上述の通り、安閑紀では安閑の皇后春日山田皇女を合葬したとありますが、春日山田皇女は依然存命で、欽明紀には宣化天皇が崩じた後、欽明天皇が春日山田皇女に対して天皇の位について欲しいとお願いしているのです。
日本書紀を読む限りでは、6世紀前半になっても天皇の系図や各種事跡の実年代が不明瞭で、安閑・宣化朝と欽明朝が「二朝並立」したという説を偉い先生方までが信じているほどです。
私は二朝並立論は採用しませんが。
安閑紀に記された事跡の実年代は不明なわけですから、関東人としては気になる有名な「武蔵国造の乱」の実年代も不明になります。

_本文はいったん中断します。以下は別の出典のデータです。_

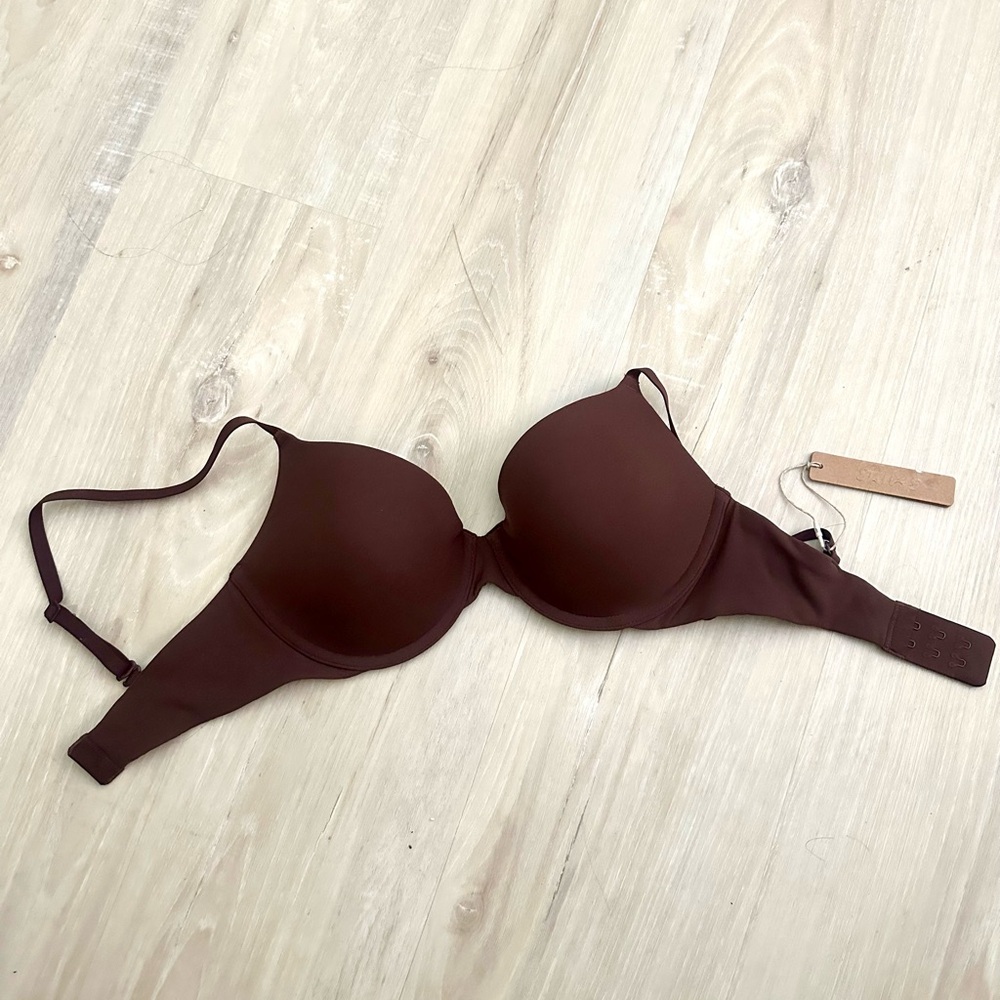NWT SKIMS Fits Everybody Under Wire Bra! 32D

ただし、大雑把に6世紀前半のこととして考えていいと思うので、そうなると、後の令制武蔵国の範囲で見たら最大勢力はやはり埼玉古墳群ですから、武蔵国造の乱の主役は埼玉古墳群の被葬者であったことは確実視していいと思います。
武蔵国造の乱についても上述のオンライン講座で話そうと思います。
それはそれとして、宮内庁は日本書紀の記述を一部採用して、安閑天皇とともにその異母妹の神前皇女を合葬しているとしており、これもまた面白いです。

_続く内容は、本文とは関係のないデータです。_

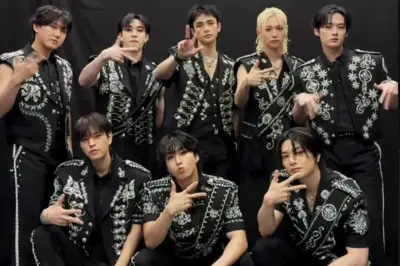 Stray Kids Rilis Lagu 'Star, Light (Stay)' untuk Rayakan 8 Tahun Debut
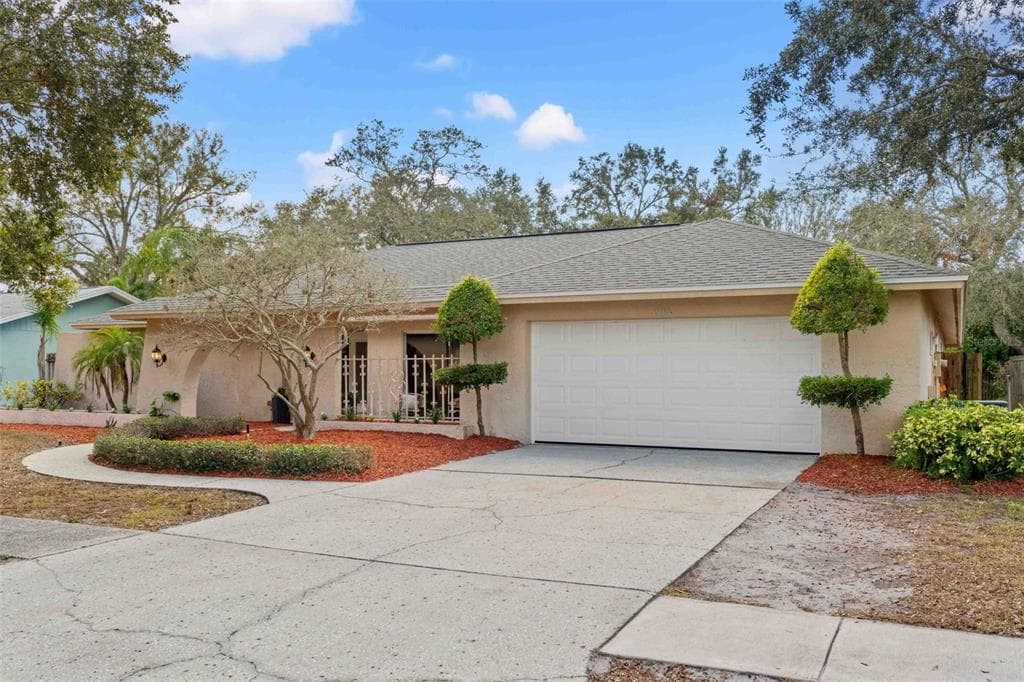 2761 WESTCHESTER DRIVE N CLEARWATER, FL 33761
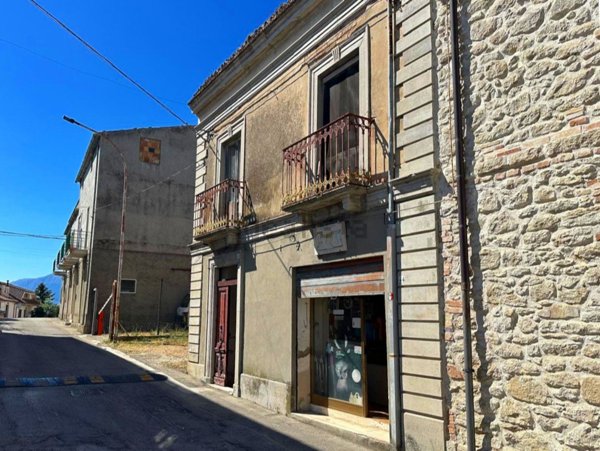 casa indipendente in vendita a Pietranico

宮内庁が日本書紀の記述を無視して、春日山田皇女の陵を別の古墳に治定しているのは、当時夫婦は違う墓に入ったという比較的最近分かった考古学的成果とも合致しており興味深いです。
拝所。
安閑天皇陵は墳丘長が122mで、後期古墳ですから前方部が広がってはいるものの、この角度で見てもすぐに墳丘のエッヂ部分が見えるほどですから、その大きさ(小ささ)のほどが分かります。
ただし、拝所は中軸線上ではなく、少し北側に寄っています。
では、この122mの高屋築山古墳は果たして安閑天皇の陵として相応しいのでしょうか。
白石太一郎さんの編年図をみても6世紀前半としていますし、時代に関しては合致します。
大きさに関しては、122mというのは同じ時期の関東地方に林立した大型古墳とほとんど同じ大きさで、果たして天皇の陵にするにはどうかな、という感じがします。
ただ、古墳時代後期になると古墳というものに対する価値観も変わってきていますから、大きければよいという前期・中期とは違う考えに基づいて築造されるようになってきていると考えることもできます。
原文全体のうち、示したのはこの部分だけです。